Una delegazione della Gioventù Comunista ha consegnato oggi alla Cancelleria comunale di Lugano una petizione sottoscritta da 1850 cittadini per chiedere la revoca del divieto di introdurre bevande dall'esterno a Lugano Marittima.
Nessun nesso tra sicurezza e il divieto di portare bibite da casa
La raccolta firme, avviata alla fine del mese scorso, contestava un provvedimento ritenuto ingiustificato e privo di un reale legame con le esigenze di sicurezza. «La petizione denunciava il mancato nesso tra la presunta questione della sicurezza (già risolta con il giusto divieto di portare armi) e il divieto di portare bevande da casa», ricordano i giovani comunisti. «A nostro avviso si tratta unicamente di una scusa per costringere i frequentatori del luogo a comprare prodotti dalle bancarelle in loco, a prezzi decisamente onerosi per un pubblico giovane. Non era accettabile che all’interno di uno spazio pubblico venissero imposte misure per favorire il profitto di poche attività di privati a discapito dello spirito di aggregazione e socialità che il luogo ha sempre garantito ai cittadini luganesi e ticinesi, ed in particolar modo ai giovani».

Il cambio di rotta
Nel corso delle ultime settimane, la trasformazione dell'area è stata evidente, sottolineano i giovani comunisti. Quello che era diventato un luogo di incontro aperto e popolare si è rapidamente trasformato in uno spazio molto meno frequentato, perdendo gran parte della vitalità che lo aveva contraddistinto nei primi mesi di apertura. La decisione del Municipio di autorizzare successivamente l'ingresso delle bottiglie in PET rappresenta, secondo la Gioventù Comunista, un primo passo nella giusta direzione e una dimostrazione che le critiche avanzate da cittadini e associazioni non potevano essere ignorate. Si tratta di una «prima vittoria che deve essere ancora consolidata e affiancata da ulteriori misure di distensione», ritiene il partito. «È con questo spirito che la nostra petizione vuole attestare ufficialmente il dissenso della cittadinanza presso le istituzioni».

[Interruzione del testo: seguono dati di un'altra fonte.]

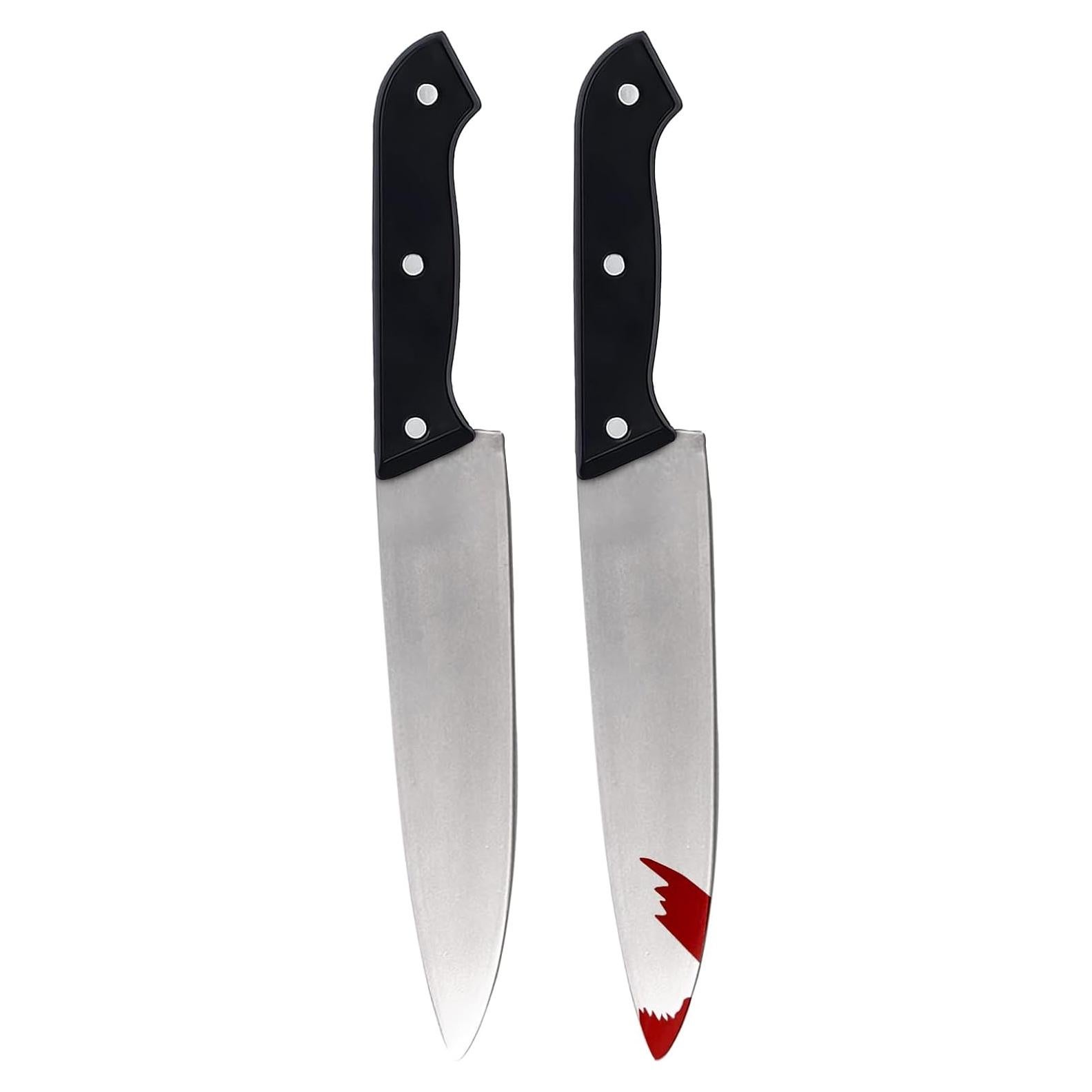 Cuchillo Falso de Carnicero UQJE 30 cm Halloween Cosplay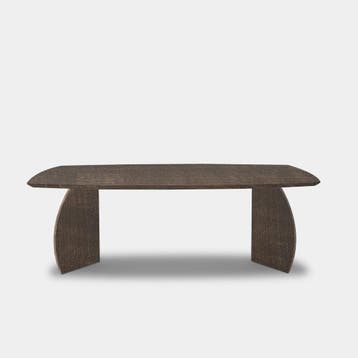 Tafel Deens Ovaal Eikenhout  Set Driehoek  180x90, Huis en Inrichting, Tafels | Eettafels, Nieuw
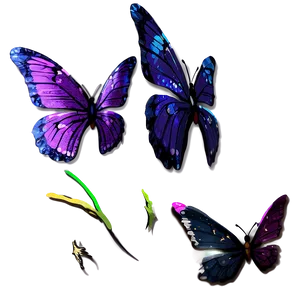 Purple Butterfly With Glitter Png Hdl46 PNG image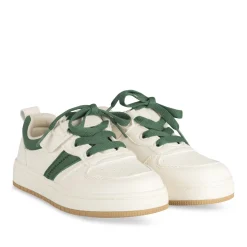 Baskets BLANC Garçon Motif Uni Scratch
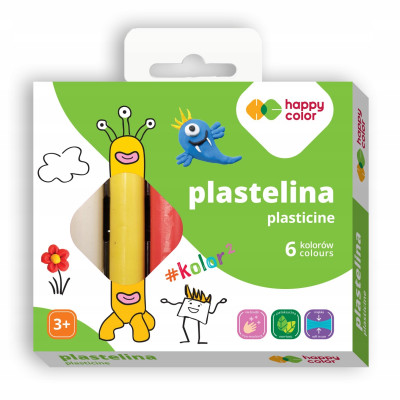 Plastelina Happy Color 6 szt. | Mój sklep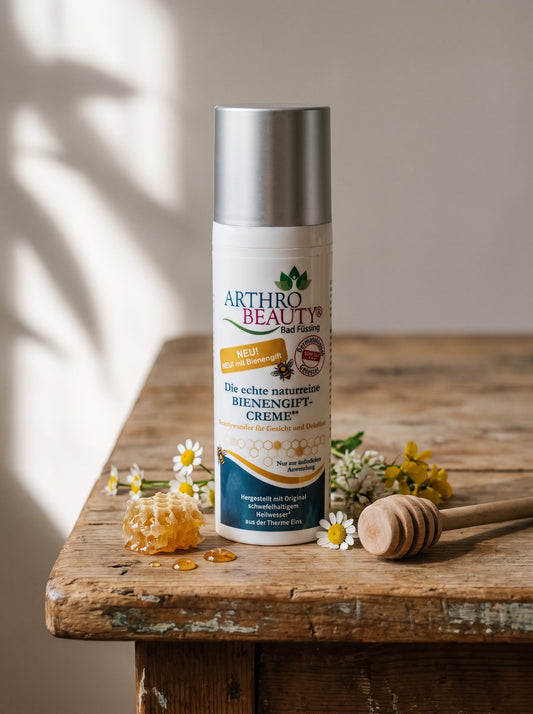 Gesichts-Creme mit naturreinem Bienengift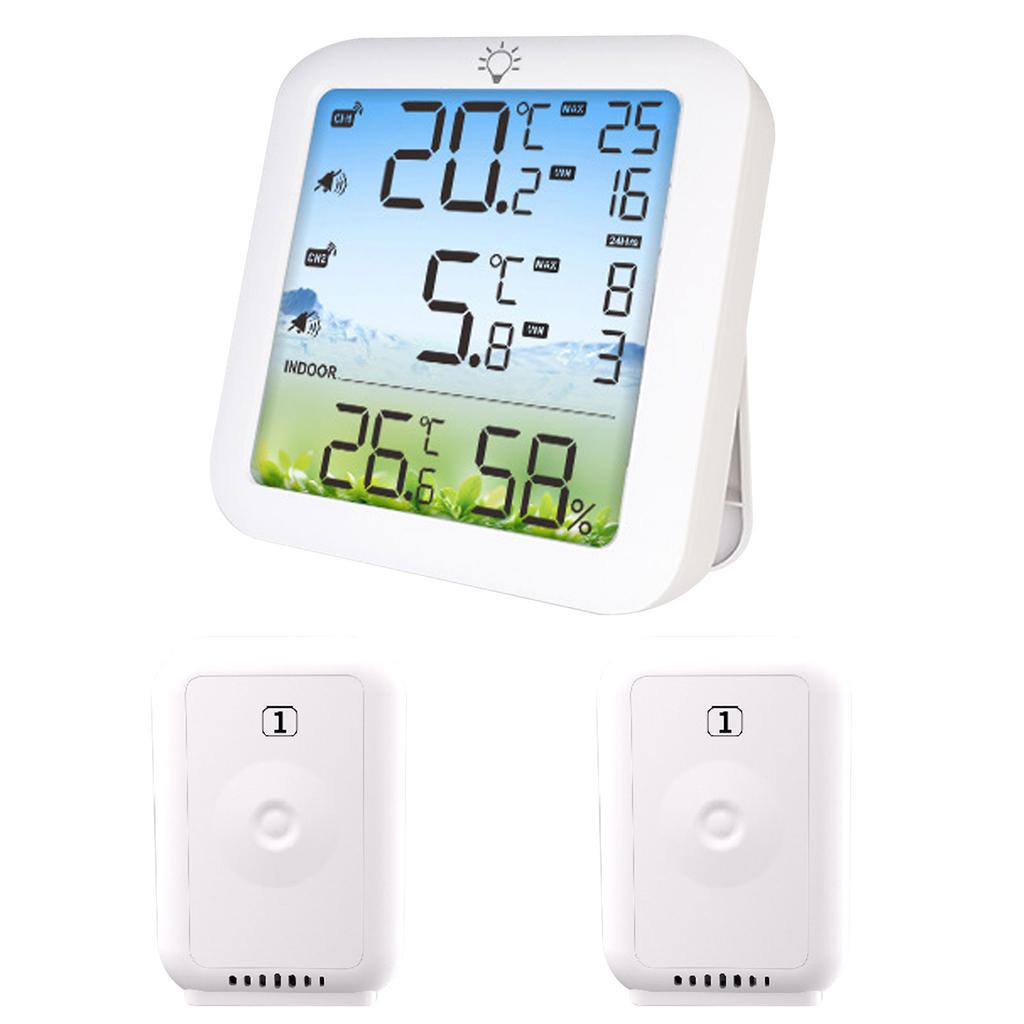 Trådlös Digital Termometer Hygrometer med 328ft Räckvidd för Kylskåp Frys Inomhus Utomhus Stor LCD-display Trådlös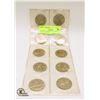 Image 1 : ESTATE 12 ASSORTED CANADIAN 1 DOLLAR COINS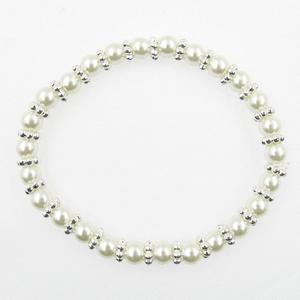 Rosa Rhinestones Pearl Stretch Bracelet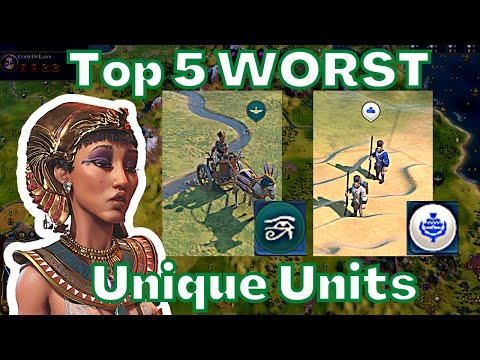 (Civ 6) Top 5 WORST Unique Units In Civilization 6 || Civ 6 Tier list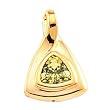 14K Yellow Gold Peridot Pendant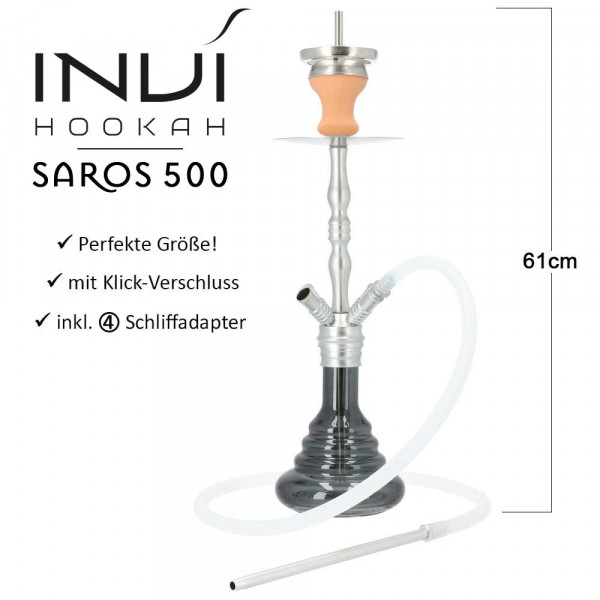 INVI Saros 500 Silver - Black Shiny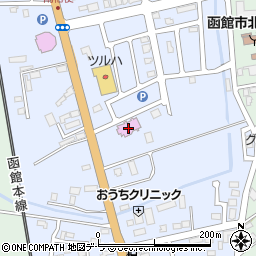 パーラーアップル函館店周辺の地図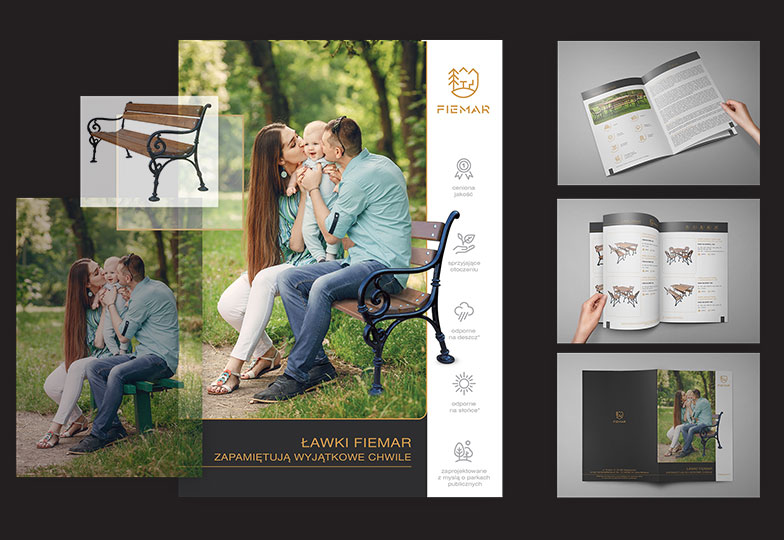 Fiemar - projekty graficzne | identyfikacja wizualna - Agencja reklamowa | Studio graficzne Angels Advertising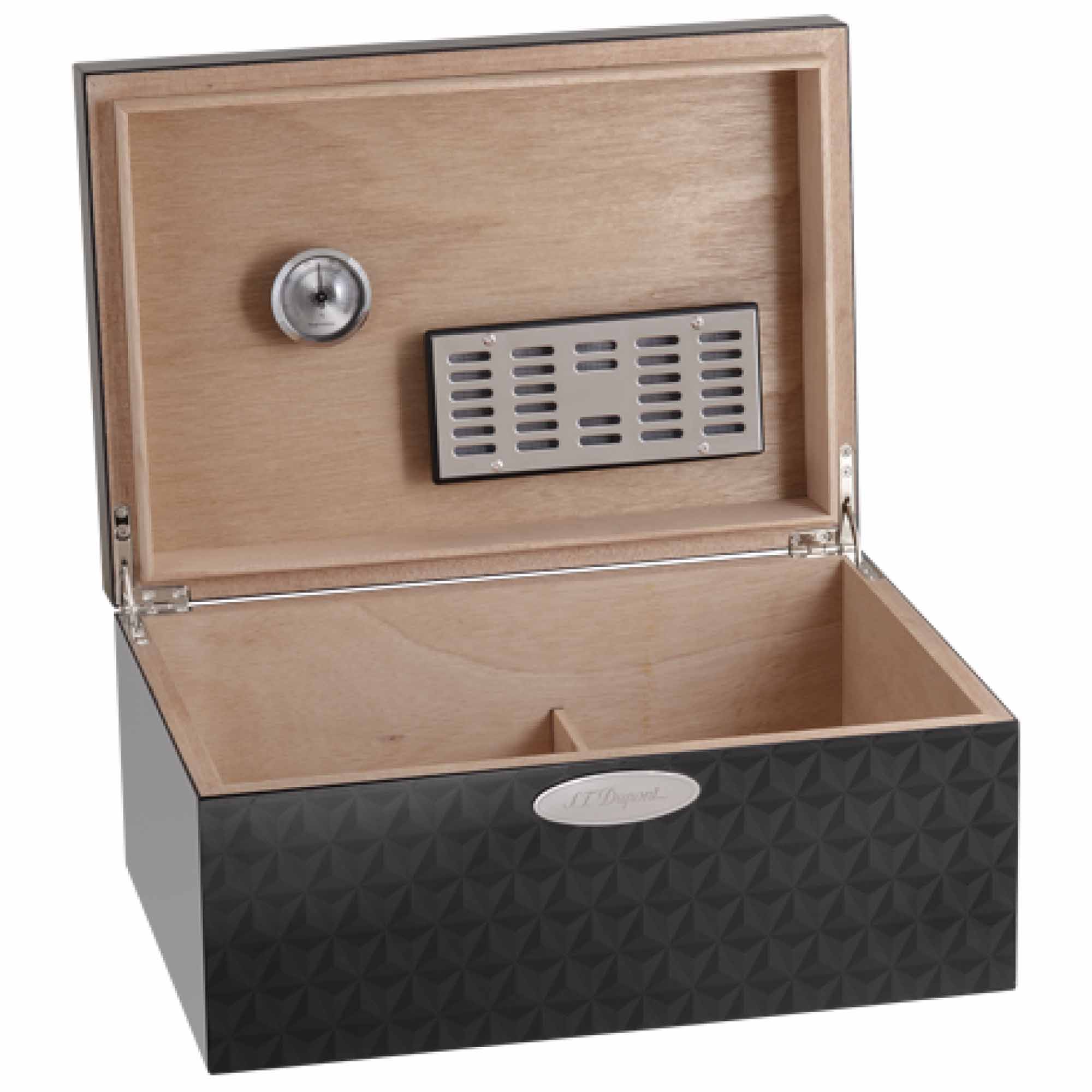 st-duptont-humidor-black-fire-head-patterns-001296-02 S.T. Dupont Humidor Black & Fire Head Patterns (001296)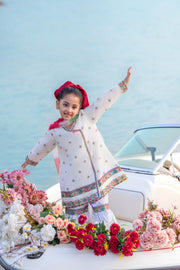 Motif Kids Embroidered Suit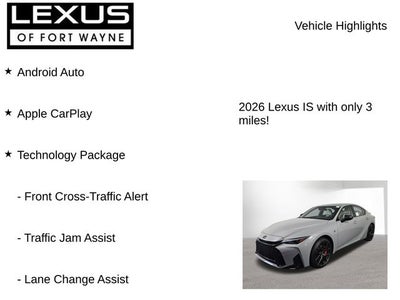 2026 Lexus IS F SPORT AWD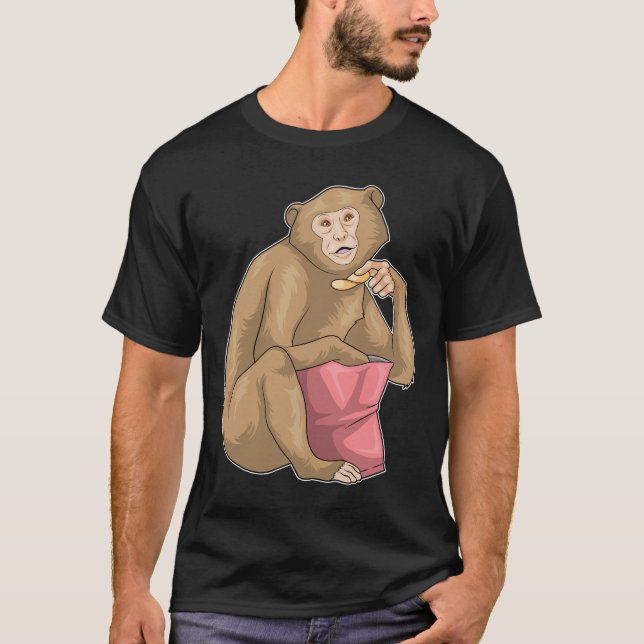 Monkey Chips Bag of Chips T-Shirt (Front)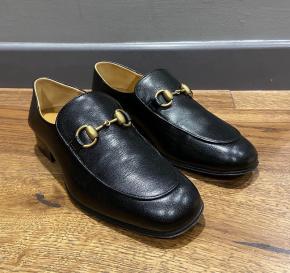 Gucci Black Leather Loafers 2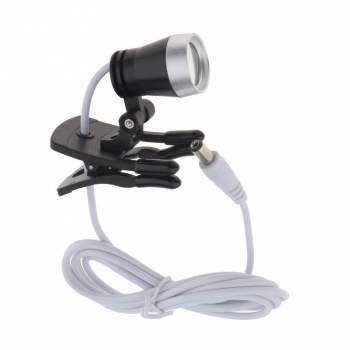 Portable Clip Clamp LED Head Light Lamp for Dental Binocular Loupes Glasses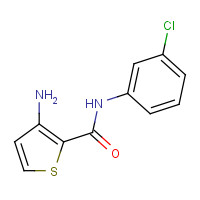 409364-86-9 3-amino-N-(3-chlorophenyl)thiophene-2-carboxamide chemical structure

Superare la logica divietocratica
Con la consegna delle 1850 firme, la Gioventù Comunista chiede ora che il Consiglio comunale e il Municipio prendano atto del dissenso espresso da una parte significativa della popolazione. «È ora di superare la solita logica divietocratica, che pretende di affrontare qualsiasi problema attraverso proibizioni, blindamenti e privatizzazioni dello spazio pubblico. Continueremo a opporci a questa impostazione, come abbiamo già fatto in passato, ad esempio durante il Rabadan di Bellinzona, e come continueremo a fare ogni volta che saranno messi in discussione gli spazi pubblici e il diritto di viverli liberamente.»